Officials are likely to discuss the worsening impact of the downturn in this state. Duke, which operates in five states, will release results next week. Analysts are expecting Duke to post earnings of 44 cents per share, the median figure of 12 analysts surveyed by Bloomberg. That would be a drop from 48 cents per share a year earlier.
Other utilities have seen slowdowns. Utility giants like Florida Power & Light and Southern Co. have not only seen customer growth stall, but electricity sales have also begun to slip this year.
North Carolina has been hit with thousands of layoffs in recent weeks across a broad spectrum of industries. A recession can wreak havoc with power companies, whose major industrial customers can run up electricity bills exceeding $1 million a month.
Despite the economic turmoil, the stock prices of Duke and Progress are faring better than others in their industry. Both companies' stock has declined nearly 15 percent this year, compared with a 29 percent drop in the S&P 500 Utilities Index.
The economic slump has struck at a time when Progress, Duke and other utilities are in the beginning phases of decade-long plans to build the nation's first nuclear power plants in decades. The multibillion-dollar nuclear plants are contingent on continued customer growth and an unabated appetite for energy.
Even though the optimistic growth projections are on hold, utility officials aren't scrapping their nuclear strategies yet, in part because construction wouldn't start for at least three or four years. A state law enacted last year requires utilities to tap renewable sources, limiting the companies' ability to postpone solar, biomass and other green projects.
If a recession drags on, however, officials could face tough choices on whether to remain committed to existing timetables or to hedge their risk and consider postponements.
“It's a question of how long it lasts,” said Marc de Croisset, a utility analyst in New York with Macquarie Research. “Everyone understands that as long as this situation continues, it'll be very hard to fund projects.”
Even though customers pay for power plants and other expansions through their monthly bills, utility companies finance capital projects by borrowing the money up-front and paying back the loans over decades.
Many still remain confident that the downturn is a temporary hiccup in a broader national trend of growth, particularly in the Southeast. As long as people depend on electricity, utilities will remain insulated from the worst effects of a recession, Rogers recently told National Journal magazine. If the recession lasts less than nine months, he said, utilities should be in the clear.

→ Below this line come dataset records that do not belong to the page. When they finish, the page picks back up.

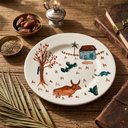 Ver imagem 2 de Prato Raso NAIF3 Boi 27,5cm Estampado Strauss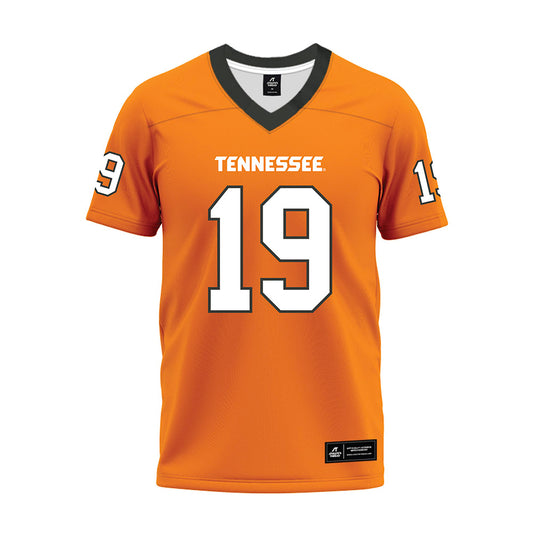 Tennessee - NCAA Football : Chaz Coleman - Premium Football Jersey-0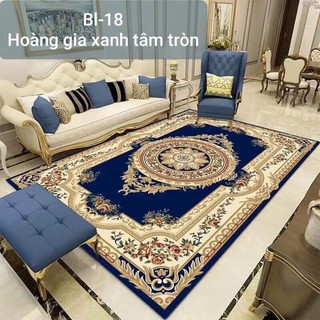 Thảm Bali Trải Sàn Mẫu Hoàng Gia 2m x 3m - Thảm trải sàn phòng khách
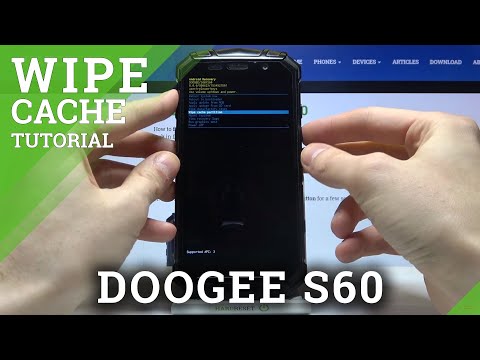 How to Wipe Cache on DOOGEE S60 – Format Cache Partition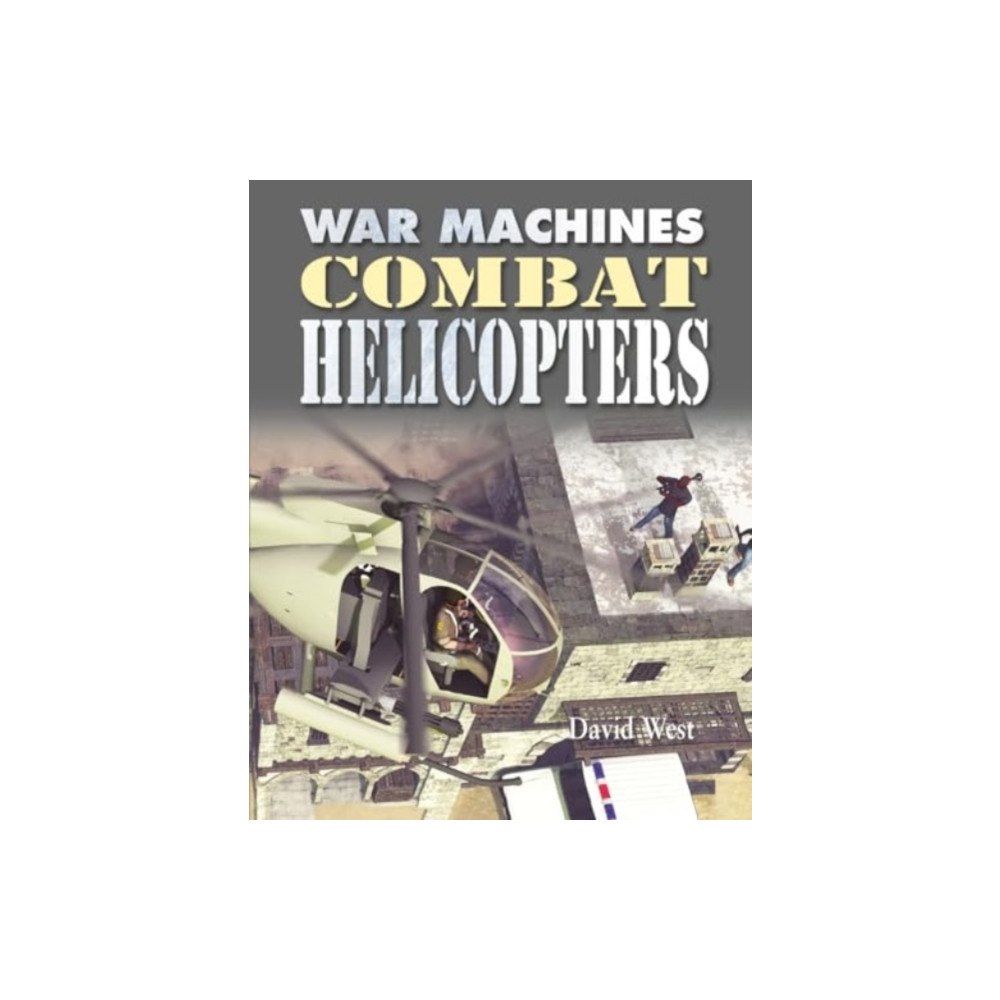 Crabtree Publishing Co,Canada Combat Helicopters (häftad, eng)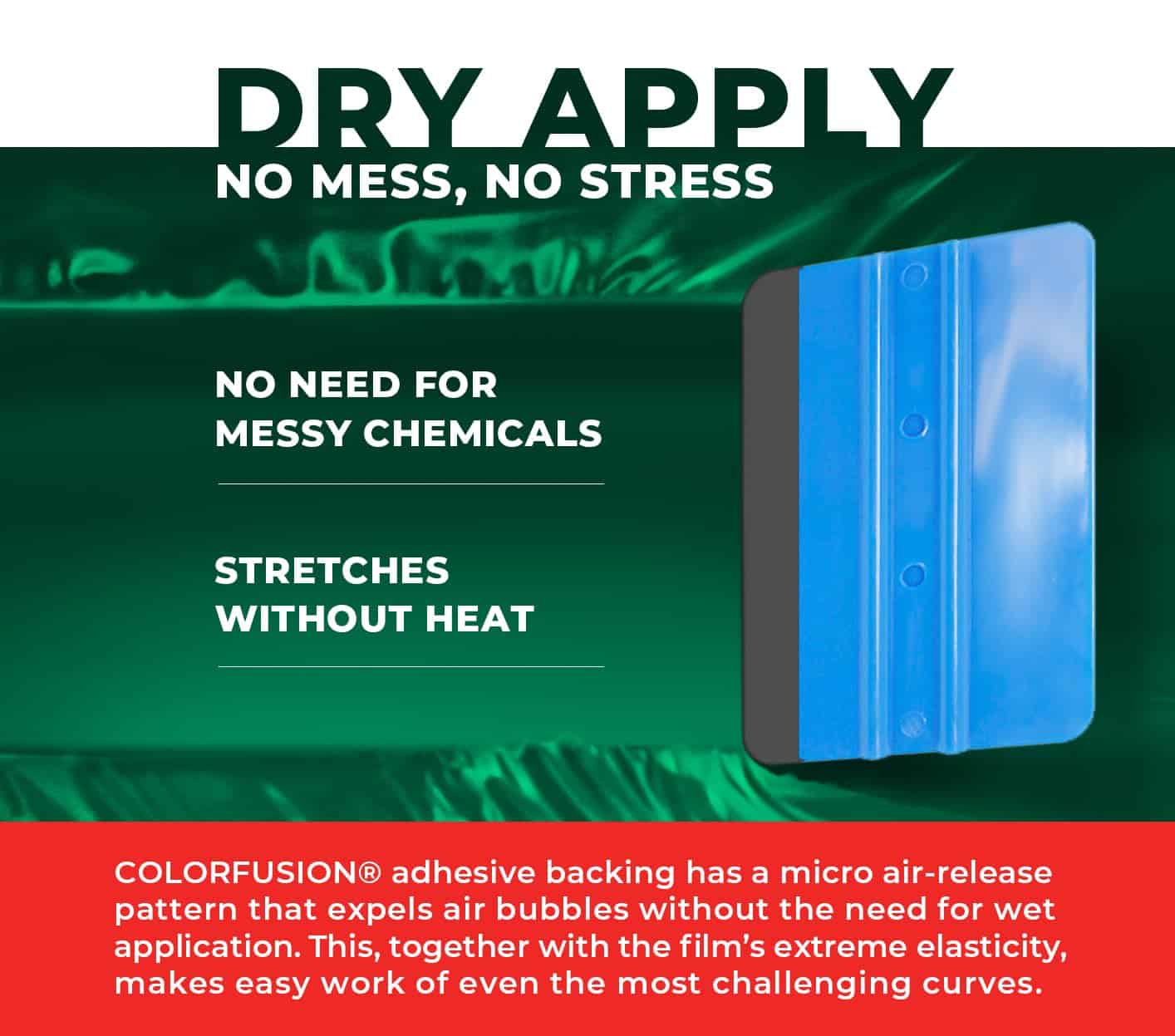 ColorFusion PPF de VViViD, Vinilo de Protección de Pintura - Imagen 4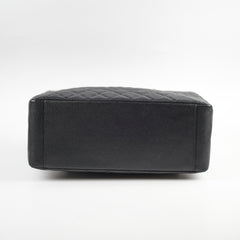 Chanel Caviar GST Grand Shopping Tote Black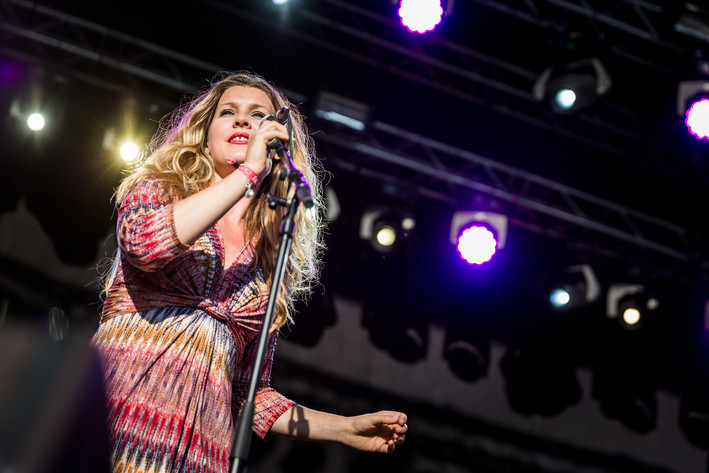 2015-07-17 - Pernilla Andersson från Trästockfestivalen, Skellefteå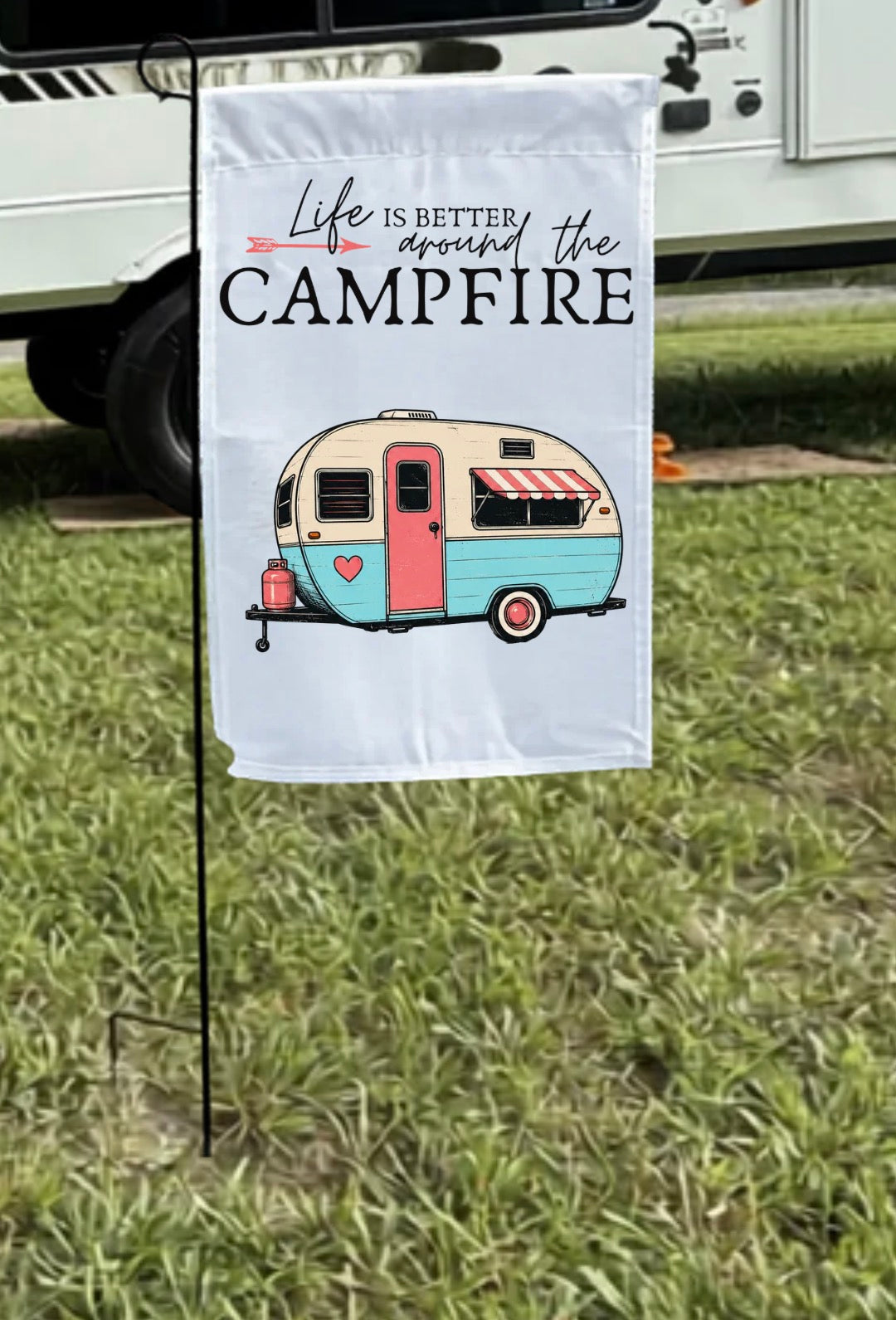 Camping Garden Flags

Rogers said the economic slowdown will likely delay plans to modernize power plants and upgrade power distribution systems, as well as require putting off investment in renewables, which are being promoted by North Carolina and other states in response to global warming.
To free up cash for the next 18 months, Duke recently took out $1 billion from a credit agreement that contractually obligates Wall Street financial institutions to lend.